Uma história esquecida

Apesar de ter conquistado milhares de seguidores durante os primeiros anos do século passado, o estilo de vida e pensamento político dos vegetarianos e naturistas começou a ser visto como uma ameaça a partir da instauração do Estado-Novo. Este contexto poderá estar na base do “desconhecimento” dos antepassados vegetarianos da nossa memória coletiva.

“É um caso de amnésia coletiva que queremos aqui recuperar: um país cuja identidade cultural se afirma pelas mil maneiras de cozinhar bacalhau, pelo peixe fresco da costa, pelas papas de sarrabulho e pela carne de porco à alentejana, e que recalca a memória de um período da sua história em que um número considerável de indivíduos optou por adotar a dieta vegetariana”, explica Fátima Vieira, Vice-Reitora da U.Porto.

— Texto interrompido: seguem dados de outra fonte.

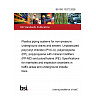 BS ISO 13272:2026 Plastics piping systems for non-pressure underground drains and sewers. Unplasticized poly(vinyl chloride) (PVC-U), polypropylene (PP), polypropylene with mineral modifiers (PP-MD) and polyethylene (PE). Specifications for manholes and inspection chambers in traffic areas and underground installations BS ISO 13272:2026 Plastics piping systems for non-pressure underground drains and sewers. Unplasticized poly(vinyl chloride) (PVC-U), polypropylene (PP), polypropylene with mineral modifiers (PP-MD) and polyethylene (PE). Specifications for manholes and inspection chambers in traffic areas and underground installations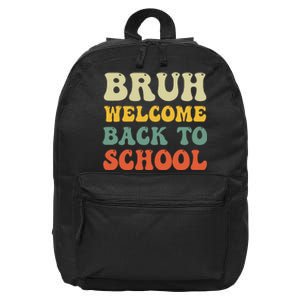 Bruh Welcome Back To School Funny Teacher Happy First Day 16 in Basic Backpack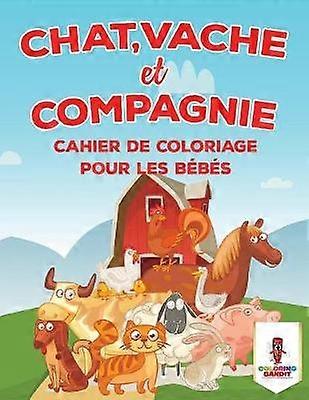 Chat Vache Et Compagnie Cahier De Coloriage Pour Les Bbs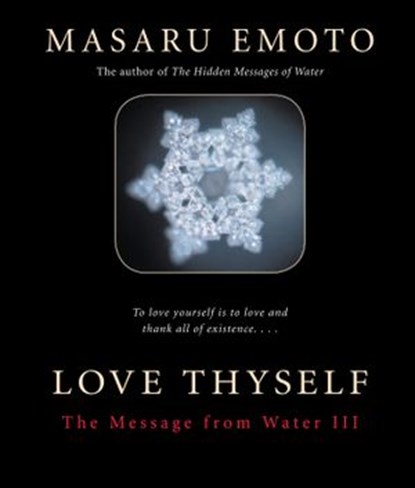 Love Thyself, Masaru Emoto - Ebook - 9781401919498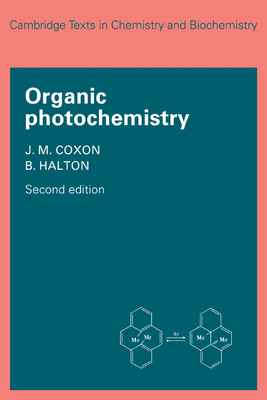 Organic Photochemistry - Coxon, James Morriss, and Halton, Brian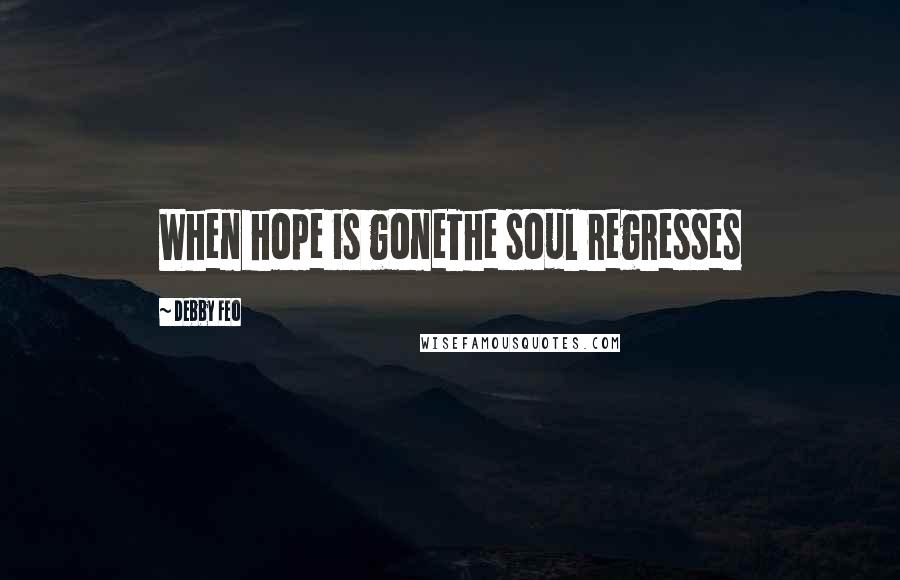 Debby Feo Quotes: When hope is goneThe soul regresses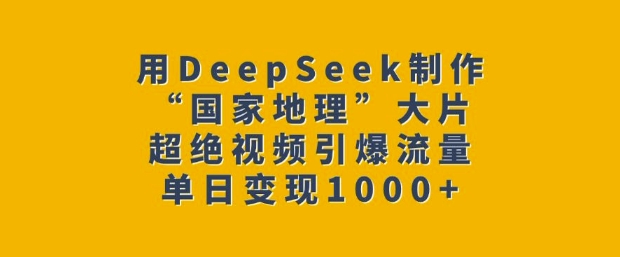 用DeepSeek制作“国家地理”大片，超绝视频引爆流量，单日变现多张-七宝：认真做好一件事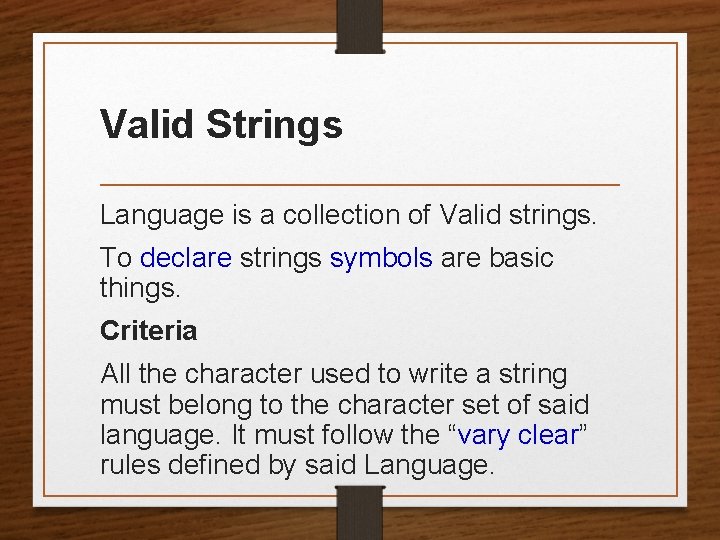 Valid Strings Language is a collection of Valid strings. To declare strings symbols are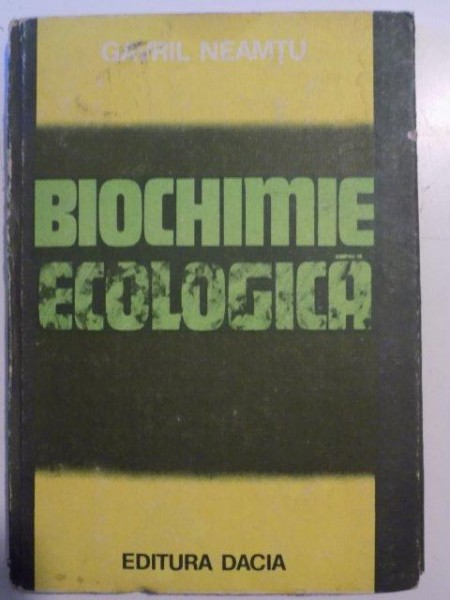 BIOCHIMIE ECOLOGICA de GAVRIL NEAMTU , 1983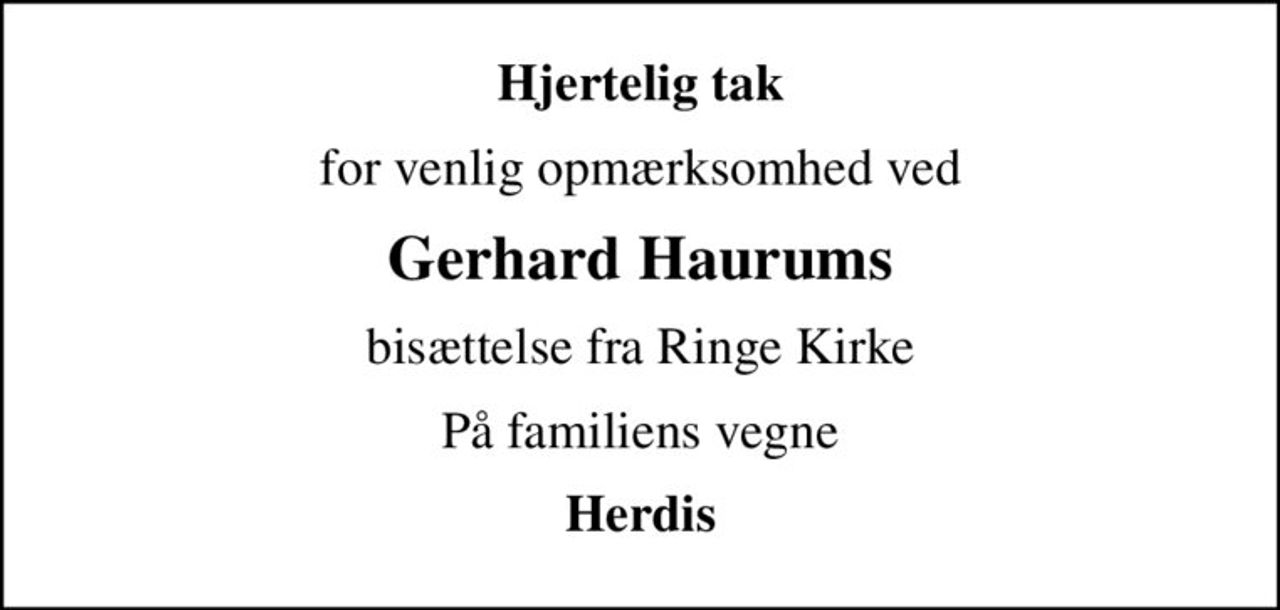 Hjertelig tak
for venlig opmærksomhed ved
Gerhard Haurums
bisættelse fra Ringe Kirke
På familiens vegne
Herdis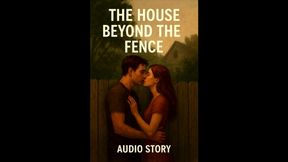 The House Beyond the Fence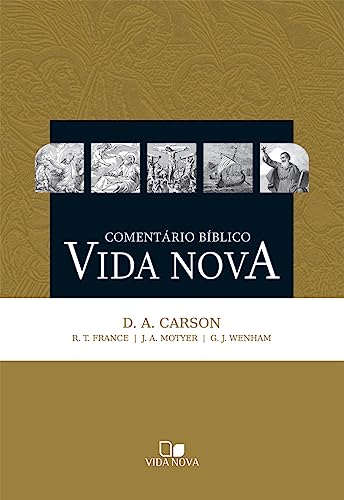 Ler Comentário Bíblico Vida Nova, do autor R. T. France D. A. Carson
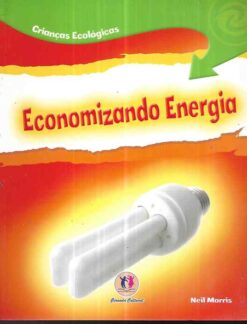 Economizando Energia - Neil Morris 2009 Ciranda Cultural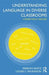 Understanding Language in Diverse Classrooms: A Primer for All Teachers by Marilyn Shatz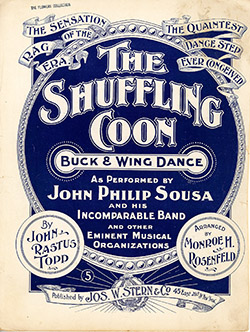 Sheet music for "The Shuffling Coon" described as a "buck and wing dance," by John Rastus Topp,1897. Image from the Duke University Libraries Digital Collections. 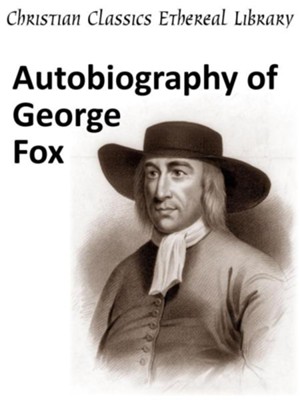 Autobiography of George Fox - eBook  -     By: George Fox
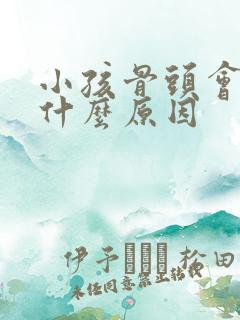 小孩骨头会响是什么原因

Para recuperar esta história esquecida, os investigadores do Projeto ALIMENTOPIA contaram com a ajuda do jornal O Vegetariano – Mensário Naturista Ilustrado, que, durante 26 anos, se afirmou como o órgão oficial dos adeptos da dieta, procurando promover a divulgação da sua filosofia e modo de vida. Publicado mensalmente, entre 1909 e 1935, este periódico chegou a atingir 3814 subscritores de norte a sul do país, mas também do Brasil, colónias ultramarinas e vários países europeus.

O Vegetariano foi publicado durante 26 anos. Recorria a mensagens e imagens que mostravam a ‘robustez’ e saúde dos vegetarianos. (Foto: DR)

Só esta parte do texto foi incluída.